A central agency is tasked with implementing a solution to issue, track and manage insurance policies for vehicles. The agency generates unique document serial numbers on receipt of orders and payment from insurance companies. These companies, either directly or through their brokers, assign insurance policies to the document serial numbers as they’re sold to motorists. Document serial numbers are unique across all insurance companies.

The goal of the solution is to track the lifecycle of the document serial number. When created, a document serial number contains only its number and the name of the insurance company to which it’s sold. Further into the business process, additional information, such as the vehicle registration, policy document number, identity of the customer and validity period of the insurance policy, will be added. All versions of this record must be tracked, including any changes made, the date and time of the changes, and the identity of the application that made the change.

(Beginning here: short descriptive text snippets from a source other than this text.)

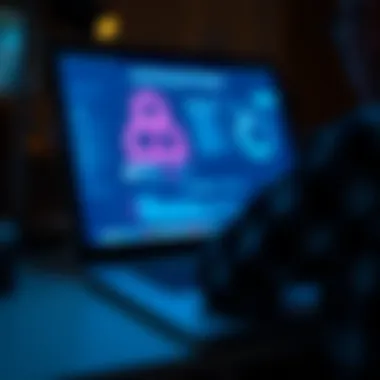 Risks associated with online credit report access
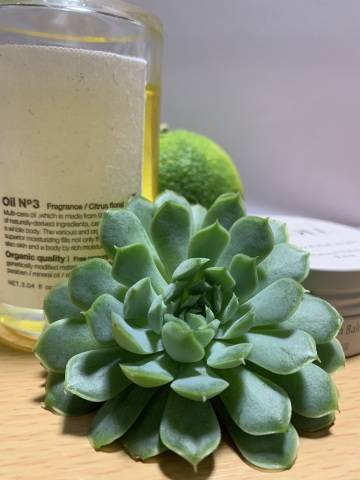 寒い日が続きますがお変わりないでしょうか?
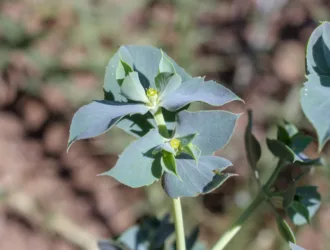 Euphorbia aleppica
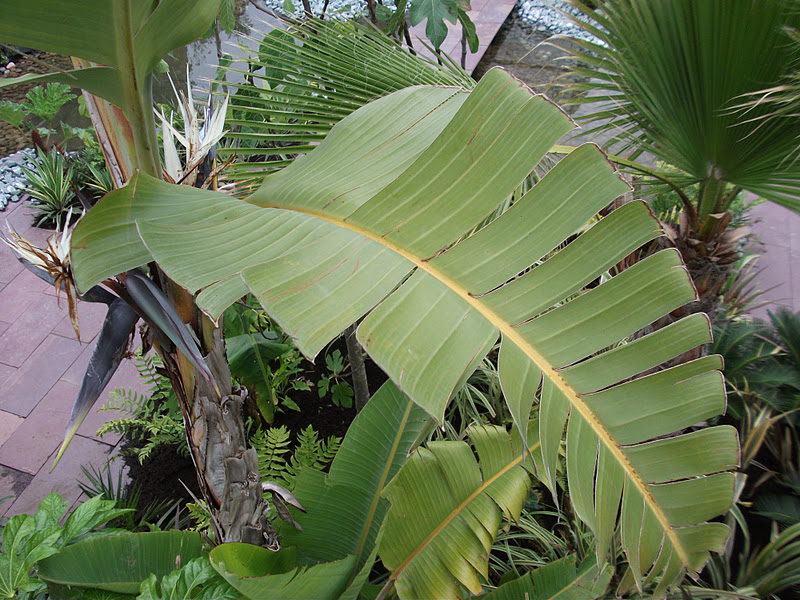 Banana leaf shot.JPG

Customers should be able to access the policy electronically and download the information securely for verification and easy reference.

Architecture of the Solution

The solution uses Azure Key Vault to store the document serial number, along with the properties of the associated insurance policy, as a secret. For additional security, the data that’s stored as a secret is encrypted beforehand using asymmetric keys generated in Azure Key Vault. While only the bare minimum data required to secure and validate each policy gets captured in the secret, additional supporting information is stored in an Azure SQL Database. The database also implements constraints on the data, to ensure, for example, that a registered vehicle has a single active policy number, that the same policy number hasn’t been used for multiple records, and so forth. Figure 1 represents the architecture used in the Solution.

Solution Architecture
Figure 1 Solution Architecture

I’ve implemented two portal applications in this solution, one that’s used by the central agency and insurance companies, and the other by customers who buy insurance policies and by regulatory authorities who need to ascertain the validity of the policies.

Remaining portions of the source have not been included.